Key points in creating a custom toolkit:

  1. Inherit from the Toolkit base class.
  2. Implement the required properties: name, description, functions, and schemas.
  3. Define the functions that the toolkit will provide (e.g., get_temperature).
  4. Specify the schema for each function, including parameters and their types.

Using a Toolkit with CompletionComponent

Once you have created a custom toolkit, you can use it with a CompletionComponent to enhance your AI assistant’s capabilities. Here’s an example:

import asyncio
import os
from dotenv import load_dotenv
from smartgraph.components import CompletionComponent
from smartgraph.logging import SmartGraphLogger
from smartgraph.tools.weather_toolkit import WeatherToolkit

# Load environment variables and set up logging
load_dotenv()
logger = SmartGraphLogger.get_logger()
logger.set_level("INFO")

async def process_with_llm(input_message: str) -> dict:
    # Create a WeatherToolkit
    weather_toolkit = WeatherToolkit(api_key=os.getenv("OPENWEATHER_API_KEY"))

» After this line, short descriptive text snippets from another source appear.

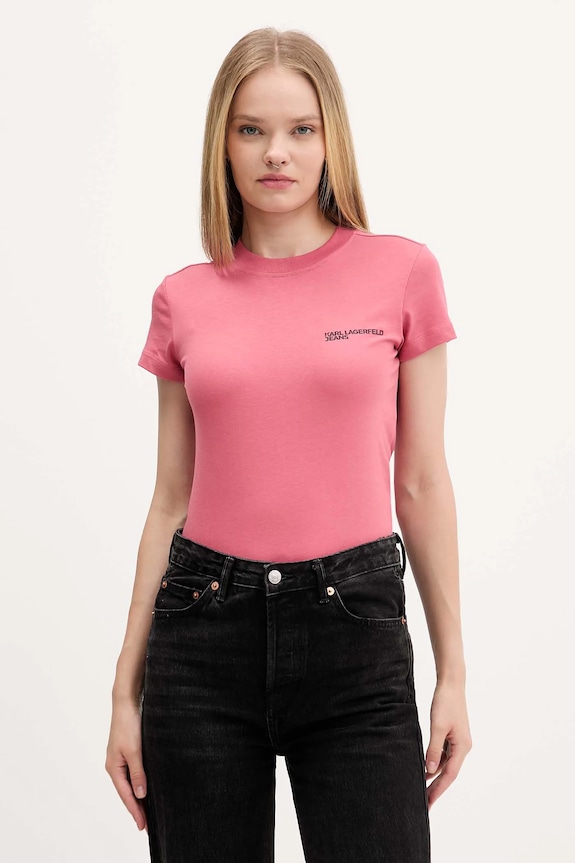 Karl Lagerfeld Jeans kratka majica ženska bombažna Potisk oranžna A1W17004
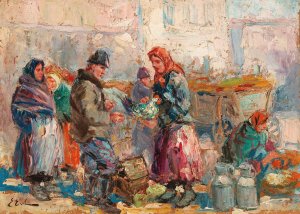 At the Market by Erno Erb Oil Painting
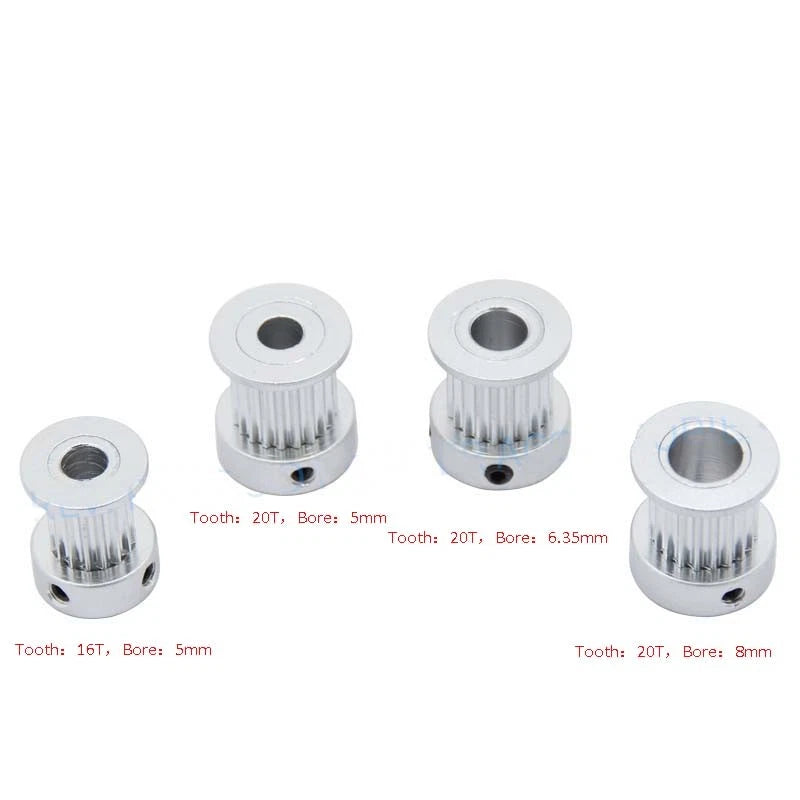 20T/16T GT2 Gear 5mm/6.35mm/8mm Pulley Aluminum for 3D Printer 10mm Timing Belt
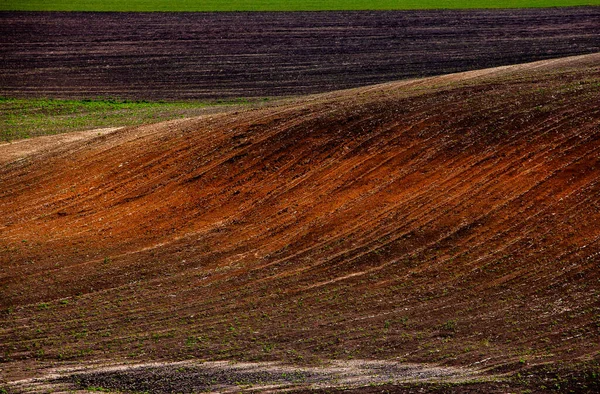 Tekstura Brązowej Gleby Rolniczej Piękny Wschód Słońca Farmie Farma Mołdawii — Zdjęcie stockowe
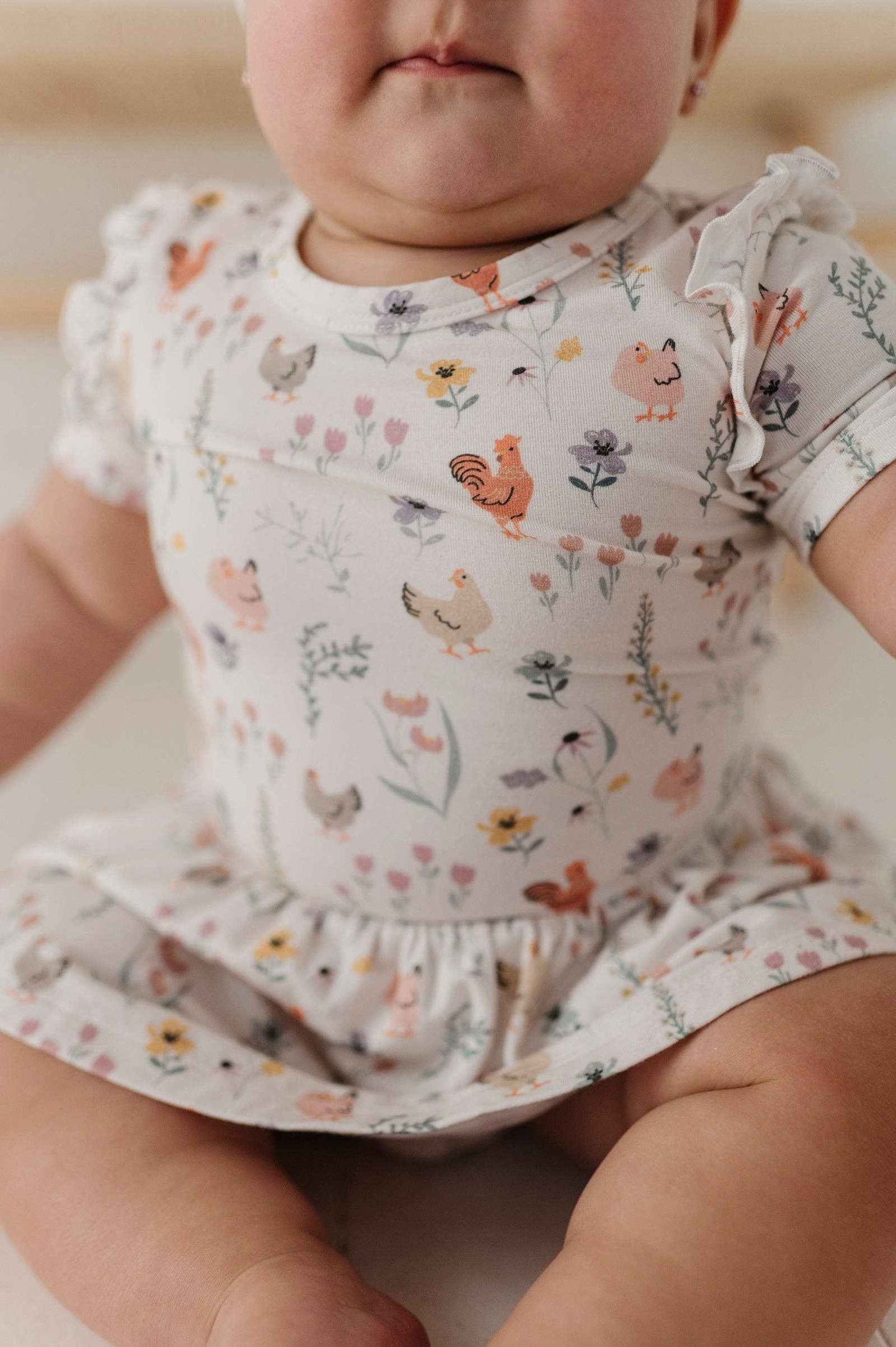 Babysprouts Girl's Short Sleeve Bodysuit Dress Set: Floral Chickens / NB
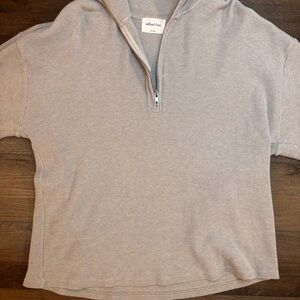 Wilfred Free Light Gray Waffle Knit Half-Zip Hoodie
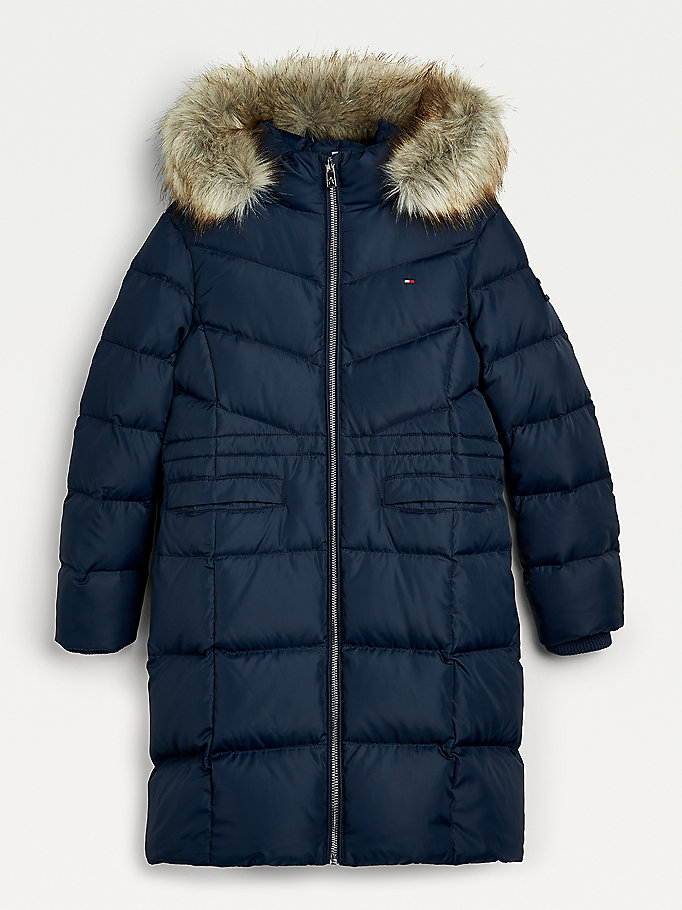 Tommy Hilfiger Down Puffer Frakker Jente Blå | WJKUZL-513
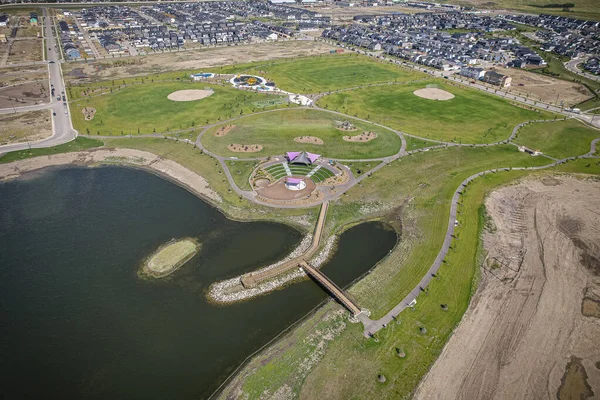 stock image Aerial view of Brighton which is a neighbourhood in Saskatoon, Saskatchewan, and is the first of several communities planned for the Holmwood Suburban Development Area on the east side of the city.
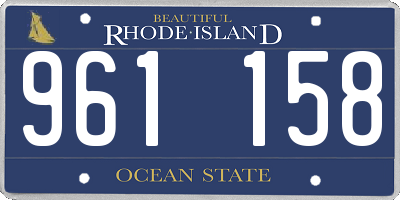 RI license plate 961158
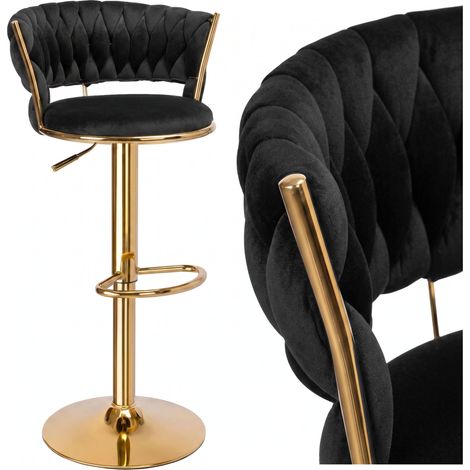 Tabouret de bar Tresso en velours noir et or (1/5)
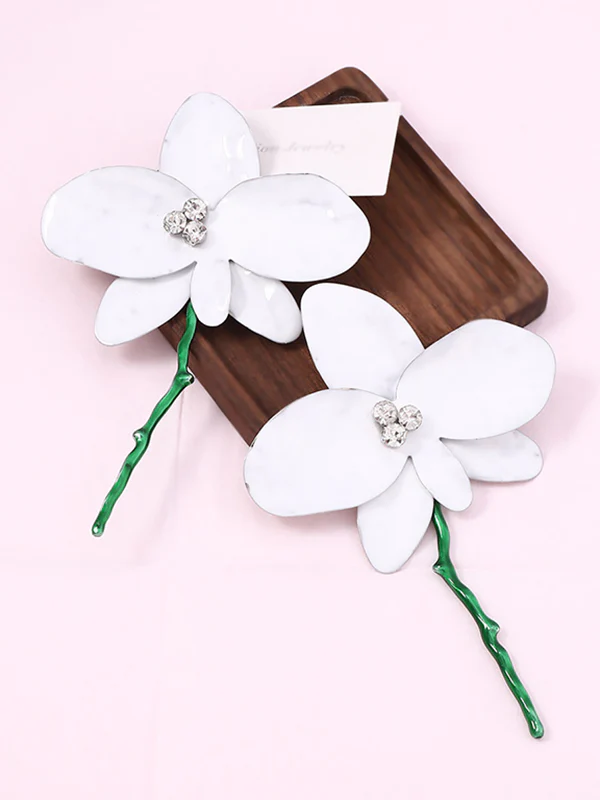 Flower Shape Rhinestone Shiny Earrings Accessories - Image 7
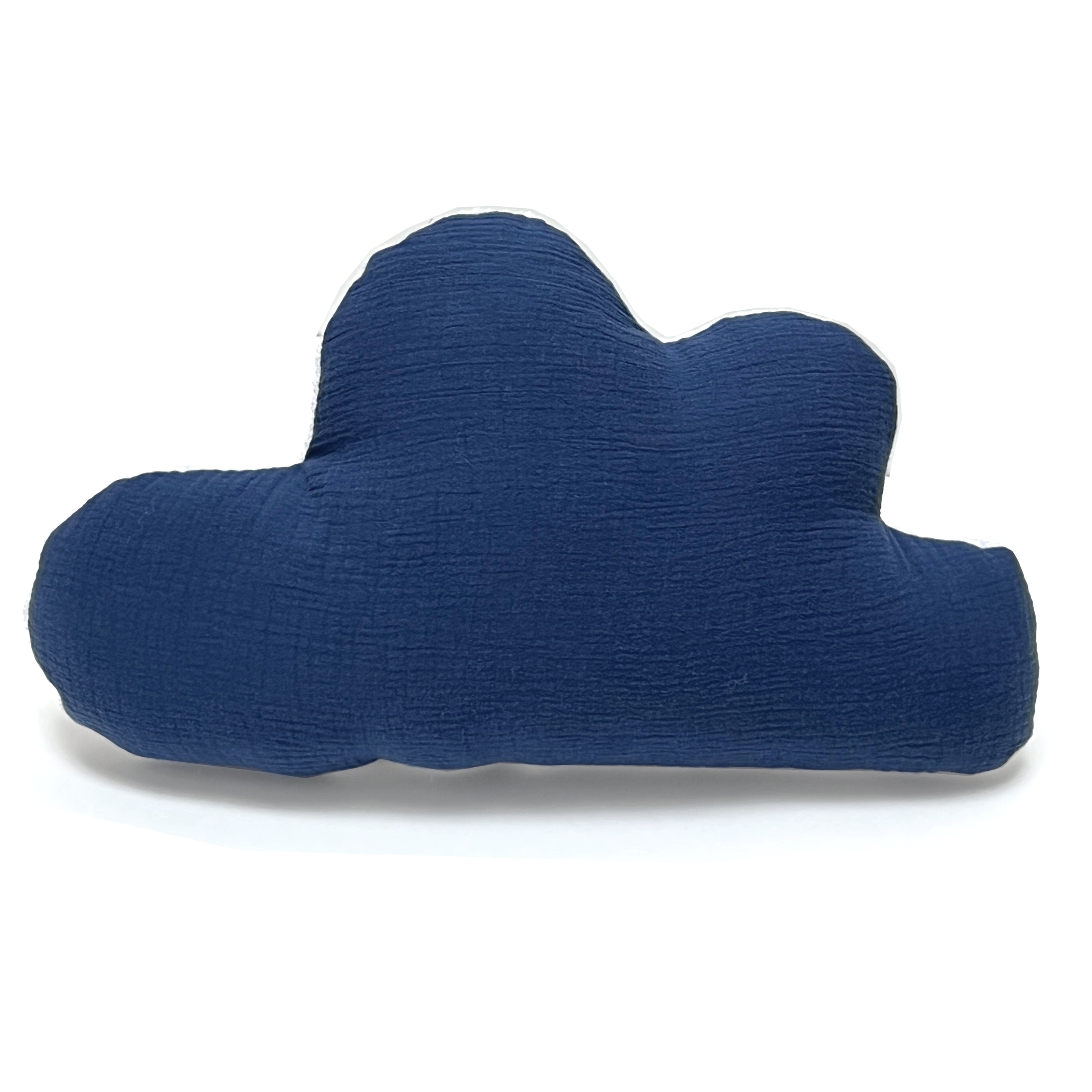 Kissen personalisiert mit Namen Baby - Musselin Marine Blau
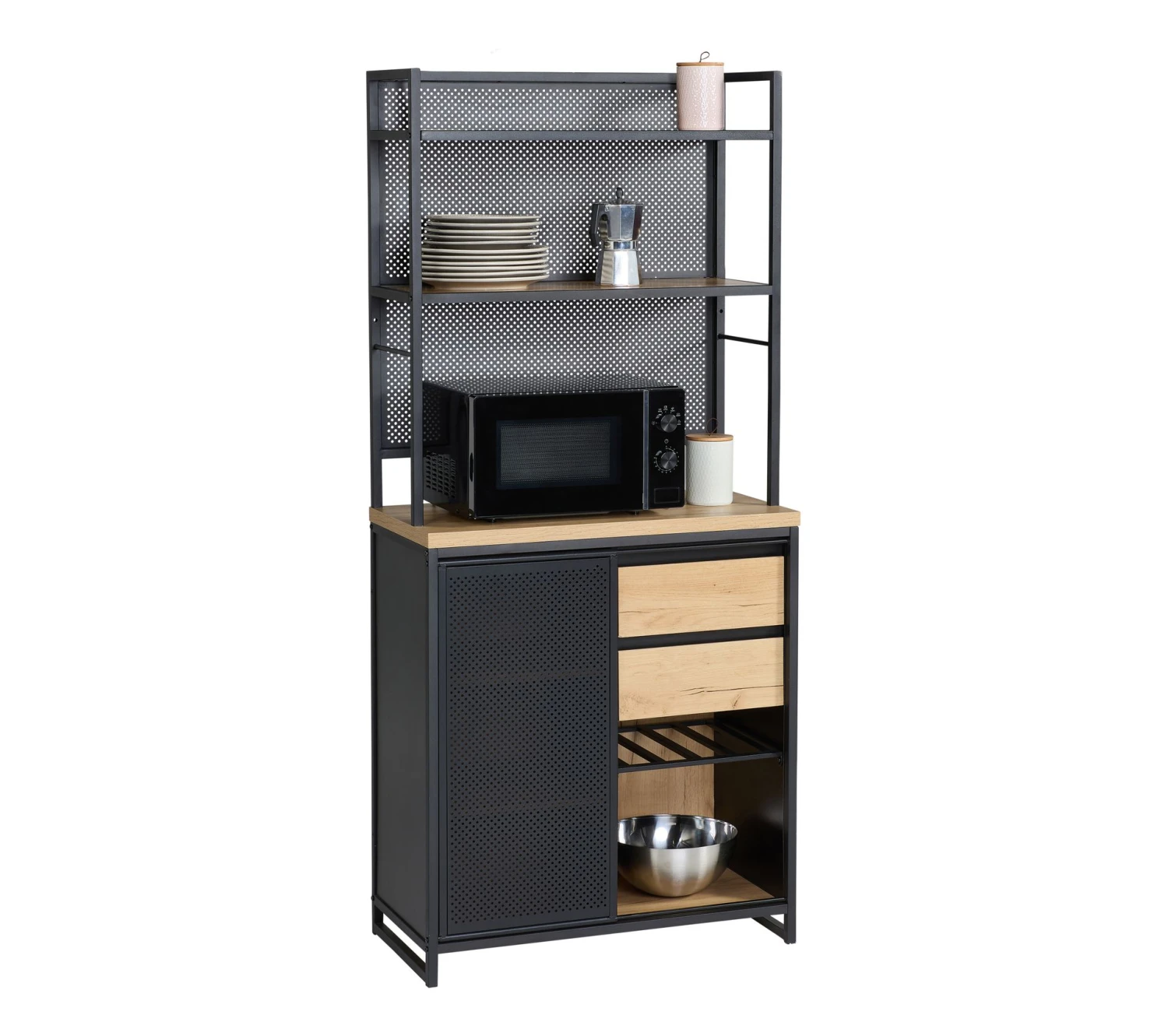 Grosses soldes ⌛ TIME Buffet haut 180 cm BOSTON noir chêne đź”” – Image 8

    # Create a CompletionComponent with the WeatherToolkit
    completion = CompletionComponent(
        "AI_Completion",
        model="gpt-3.5-turbo",
        temperature=0.7,
        api_key=os.getenv("OPENAI_API_KEY"),
        toolkits=[weather_toolkit],
    )

    input_data = {"message": input_message}
    logger.info(f"Processing input: {input_message}")

    try:
        result = await completion.process(input_data)
        if "error" in result:
            logger.error(f"Error during processing: {result['error']}")
            return {"error": result["error"]}
        else:
            logger.info(f"Received: {result}")
            return {"response": result.get("ai_response", "No response")}
    except Exception as e:
        logger.error(f"Unexpected error during processing: {str(e)}", exc_info=True)
        return {"error": str(e)}

async def main():
    input_message = "What's the current temperature in London?"
    result = await process_with_llm(input_message)

    if "error" in result:
        print(f"Error: {result['error']}")
    else:
        print(f"AI Response: {result['response']}")

if __name__ == "__main__":
    asyncio.run(main())

In this example:

  1. We create an instance of the WeatherToolkit.
  2. We pass the toolkit to the CompletionComponent when initializing it.
  3. The AI assistant can now use the functions provided by the WeatherToolkit to answer weather-related questions.

Best Practices for Creating and Using Toolkits

  1. Modularity: Design toolkits to be modular and focused on specific functionalities.
  2. Error Handling: Implement robust error handling in toolkit functions.
  3. Documentation: Provide clear descriptions for toolkit functions and their parameters.
  4. API Key Management: Use environment variables for sensitive information like API keys.
  5. Asynchronous Design: Make toolkit functions asynchronous when dealing with I/O operations.
  6. Testing: Create unit tests for your toolkit functions to ensure reliability.
  7. Versioning: Consider versioning your toolkits if you plan to make breaking changes.

Conclusion

Toolkits in SmartGraph provide a powerful mechanism to extend the capabilities of AI assistants. By creating custom toolkits, you can give your AI access to external data sources, APIs, or custom functionality, making it more versatile and capable of handling a wide range of tasks.

Remember to design your toolkits with modularity, error handling, and clear documentation in mind. With well-designed toolkits, you can create AI assistants that can perform complex tasks and integrate seamlessly with external systems and data sources.